C64 on an FPGA: Scaling up the display: Part 1

Foreword

In the previous two posts We have implemented SID sound within our C64 FPGA module.

If we look back to the Introduction post of this Blog series, the purpose of this series was to create a Complete C64 system on an FPGA.

I think we got pretty close to this goal. We have implemented the following:

Integrated Arlet Otten's 6502 core into our design.
Implemented C64 memory banking.
Booting the whole C64 system.
Loading a game from a .TAP image
Implementing VIC-II module capable of displaying sprites together with a couple of its graphics modes, like multicolor bitmap, and multicolor text mode.
SID sound.

Granted, an important item missing from the list is implementing a C64 disk drive like a 1541. I am, however, not entirely sure if I would want to go down that road, since we already utilised the majority of the Block RAM resources of the ZYNQ FPGA, so I doubt if heir would be sufficient resources left for implementing a 1541 module (e.g. the core of a 1541 disk drive is also a 6502 CPU, also requiring RAM and ROM to operate).

There are, however, some other items currently missing in our C64 module, which I thought would be nice to implement and for which I will be writing some blog posts on how to implement them.

The first item is to scale up the frames produced by the VIC-II module. Currently these frames have a resolution of 404x284. With most monitors available on the market today, these frames will just fill a tiny portion of the screen.

So, we will decicate a post or two on how to scale the VIC-II generated frames up, so that it fills most of the screen.

Another issue that is worth looking into is the fact that currently our C64 module cannot operate on its own on a Zybo board. The Zybo board always needs to be connected to a PC to upload a Bitstream image and for kicking off a standalone program in the Xilinx SDK for providing USB keyboard functionality.

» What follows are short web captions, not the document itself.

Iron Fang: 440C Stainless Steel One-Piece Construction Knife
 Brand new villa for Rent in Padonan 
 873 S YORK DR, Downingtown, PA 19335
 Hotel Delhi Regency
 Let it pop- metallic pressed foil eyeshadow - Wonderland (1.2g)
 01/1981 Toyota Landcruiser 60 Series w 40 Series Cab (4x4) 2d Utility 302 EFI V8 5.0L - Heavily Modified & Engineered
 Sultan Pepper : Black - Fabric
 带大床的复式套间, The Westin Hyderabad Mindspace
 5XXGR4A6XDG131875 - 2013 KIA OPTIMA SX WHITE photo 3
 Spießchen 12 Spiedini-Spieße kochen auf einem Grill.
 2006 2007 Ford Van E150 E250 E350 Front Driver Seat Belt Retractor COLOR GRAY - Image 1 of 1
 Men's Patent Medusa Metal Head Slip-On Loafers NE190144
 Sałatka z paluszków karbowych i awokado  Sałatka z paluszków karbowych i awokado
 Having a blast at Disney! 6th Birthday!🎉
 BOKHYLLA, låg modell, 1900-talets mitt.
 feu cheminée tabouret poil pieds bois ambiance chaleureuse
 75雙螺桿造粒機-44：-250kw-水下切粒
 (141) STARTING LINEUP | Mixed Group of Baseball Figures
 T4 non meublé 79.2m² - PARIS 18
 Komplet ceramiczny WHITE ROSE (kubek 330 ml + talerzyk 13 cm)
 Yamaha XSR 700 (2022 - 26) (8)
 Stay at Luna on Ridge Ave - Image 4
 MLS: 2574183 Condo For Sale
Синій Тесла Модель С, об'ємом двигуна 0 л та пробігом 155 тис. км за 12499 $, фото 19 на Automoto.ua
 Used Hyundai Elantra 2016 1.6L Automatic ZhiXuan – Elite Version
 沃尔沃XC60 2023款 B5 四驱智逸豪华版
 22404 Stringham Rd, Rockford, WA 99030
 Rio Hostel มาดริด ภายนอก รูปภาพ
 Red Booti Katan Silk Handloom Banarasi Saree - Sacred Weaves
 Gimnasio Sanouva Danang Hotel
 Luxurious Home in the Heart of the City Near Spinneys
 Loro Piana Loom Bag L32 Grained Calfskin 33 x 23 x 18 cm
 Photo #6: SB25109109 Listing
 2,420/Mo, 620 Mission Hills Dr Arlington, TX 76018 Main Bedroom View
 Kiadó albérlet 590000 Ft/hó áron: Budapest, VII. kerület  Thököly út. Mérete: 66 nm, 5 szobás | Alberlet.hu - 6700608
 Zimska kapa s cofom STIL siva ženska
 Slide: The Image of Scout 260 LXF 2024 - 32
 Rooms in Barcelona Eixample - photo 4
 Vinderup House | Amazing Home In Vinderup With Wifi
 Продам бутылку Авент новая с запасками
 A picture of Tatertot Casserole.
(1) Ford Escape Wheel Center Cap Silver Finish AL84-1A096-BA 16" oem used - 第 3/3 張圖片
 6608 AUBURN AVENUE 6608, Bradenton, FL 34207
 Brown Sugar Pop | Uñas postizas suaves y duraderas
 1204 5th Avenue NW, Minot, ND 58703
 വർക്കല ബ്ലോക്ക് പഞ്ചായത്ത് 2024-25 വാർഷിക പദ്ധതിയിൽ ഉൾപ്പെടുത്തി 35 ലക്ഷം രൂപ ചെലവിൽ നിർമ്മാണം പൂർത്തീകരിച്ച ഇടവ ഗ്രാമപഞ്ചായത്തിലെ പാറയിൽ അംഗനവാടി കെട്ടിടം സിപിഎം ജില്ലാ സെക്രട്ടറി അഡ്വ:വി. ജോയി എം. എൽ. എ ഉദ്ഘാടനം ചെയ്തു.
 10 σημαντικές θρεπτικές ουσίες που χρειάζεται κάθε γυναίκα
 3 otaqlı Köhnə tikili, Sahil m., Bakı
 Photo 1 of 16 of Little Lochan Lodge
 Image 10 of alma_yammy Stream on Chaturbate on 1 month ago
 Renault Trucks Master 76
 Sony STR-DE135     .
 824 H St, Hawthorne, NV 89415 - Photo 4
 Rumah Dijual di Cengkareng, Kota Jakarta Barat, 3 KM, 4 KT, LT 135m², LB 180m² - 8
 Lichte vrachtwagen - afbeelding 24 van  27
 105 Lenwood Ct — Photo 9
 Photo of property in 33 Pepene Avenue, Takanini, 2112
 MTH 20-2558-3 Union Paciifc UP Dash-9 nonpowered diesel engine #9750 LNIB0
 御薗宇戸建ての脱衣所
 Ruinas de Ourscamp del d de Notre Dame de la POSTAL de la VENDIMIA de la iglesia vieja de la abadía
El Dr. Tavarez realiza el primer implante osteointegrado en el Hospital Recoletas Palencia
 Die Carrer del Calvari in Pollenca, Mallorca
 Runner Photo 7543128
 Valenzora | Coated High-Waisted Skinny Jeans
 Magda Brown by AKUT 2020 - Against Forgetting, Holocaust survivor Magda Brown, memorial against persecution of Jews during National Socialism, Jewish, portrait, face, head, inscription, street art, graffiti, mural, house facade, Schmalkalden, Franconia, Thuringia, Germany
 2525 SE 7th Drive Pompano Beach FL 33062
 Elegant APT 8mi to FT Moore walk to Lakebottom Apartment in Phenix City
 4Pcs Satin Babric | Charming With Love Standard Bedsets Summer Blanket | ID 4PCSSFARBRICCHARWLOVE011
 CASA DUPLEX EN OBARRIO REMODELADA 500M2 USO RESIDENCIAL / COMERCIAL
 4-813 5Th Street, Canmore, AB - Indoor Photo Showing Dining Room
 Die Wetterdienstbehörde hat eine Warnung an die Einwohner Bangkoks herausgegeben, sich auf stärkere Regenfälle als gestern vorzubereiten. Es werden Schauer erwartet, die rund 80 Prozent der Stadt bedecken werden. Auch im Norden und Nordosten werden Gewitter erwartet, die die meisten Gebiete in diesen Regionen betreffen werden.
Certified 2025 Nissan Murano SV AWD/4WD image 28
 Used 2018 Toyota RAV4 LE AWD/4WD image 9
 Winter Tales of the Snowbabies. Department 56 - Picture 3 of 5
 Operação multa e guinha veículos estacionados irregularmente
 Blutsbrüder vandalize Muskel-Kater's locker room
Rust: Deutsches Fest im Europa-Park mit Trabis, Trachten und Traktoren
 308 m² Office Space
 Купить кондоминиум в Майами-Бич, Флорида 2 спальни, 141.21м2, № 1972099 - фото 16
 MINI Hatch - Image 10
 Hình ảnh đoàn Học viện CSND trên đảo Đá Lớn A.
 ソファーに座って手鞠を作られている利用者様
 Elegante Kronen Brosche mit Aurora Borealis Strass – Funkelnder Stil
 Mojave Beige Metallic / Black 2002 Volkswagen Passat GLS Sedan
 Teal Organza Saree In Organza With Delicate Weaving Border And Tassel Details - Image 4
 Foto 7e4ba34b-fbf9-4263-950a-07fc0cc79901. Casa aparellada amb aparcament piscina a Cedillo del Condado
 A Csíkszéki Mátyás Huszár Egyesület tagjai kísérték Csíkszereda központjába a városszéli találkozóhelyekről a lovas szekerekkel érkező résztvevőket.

I will also write some Blog posts for implementing a solution for above mentioned issue, which would involve booting Linux from a SDCard fitted to the Zybo board and also loading a bitstream image from the same SDCard into the FPGA.

This is more or less what I have planned for future posts in this Blog series.

Let us start and see if we can upscale the frames produced by the VIC-II!

David Kronstein's Video Scalar Core

As the old saying goes: Don't re-invent the wheel. In this series I tried to apply this bit of advice numerous times:

Using Arlet's 6502 core.
Making use of an asynchronous FIFO buffer as suggested on a Xilinx's community forum.
Using Thomas Kindler's SID implementation.

So, is there a Verilog module available that can scale up an image. Indeed there is on OpenCores website: https://opencores.org/projects/video_stream_scaler

The SVN browser on the website allows us to get hold of the source code. Two files are of importance:

Video+Stream+Scaler+Specifications.pdf
scalar.v

The pdf explains very nicely how the scalar works.

The file scalar.v contains the main module, as well as all sub modules, within one file.

Let us start by having a look at the ports of the Video Scaler module:

//---------------------------Module IO-----------------------------------------
//Clock and reset
input wire    clk,
input wire    rst,
 
//User interface
//Input
input wire [DATA_WIDTH*CHANNELS-1:0]dIn,
input wire       dInValid,
output wire       nextDin,
input wire       start,
 
//Output
output reg [DATA_WIDTH*CHANNELS-1:0]  dOut,
output reg         dOutValid,
input wire         nextDout,
 
//Control
input wire [DISCARD_CNT_WIDTH-1:0] inputDiscardCnt, 
input wire [INPUT_X_RES_WIDTH-1:0] inputXRes,
input wire [INPUT_Y_RES_WIDTH-1:0] inputYRes,
input wire [OUTPUT_X_RES_WIDTH-1:0] outputXRes,
input wire [OUTPUT_Y_RES_WIDTH-1:0] outputYRes,
input wire [SCALE_BITS-1:0]   xScale,
input wire [SCALE_BITS-1:0]   yScale,
 
input wire [OUTPUT_X_RES_WIDTH-1+SCALE_FRAC_BITS:0] leftOffset,
input wire [SCALE_FRAC_BITS-1:0] topFracOffset, 
input wire    nearestNeighbor
);

The clk and rst is obvious, so let us skip to the input port section.

The dIn is the pixel data input. For our emulator we will have three channels (e.g. RGB) and each channel will be 8 bits wide. This may sound confusing at first since the Zybo board works with 16 bit pixels in the format RGB565. However, this scaler assumes the same data width for all channels, so for this reason we will just stick with 8 bits per channel.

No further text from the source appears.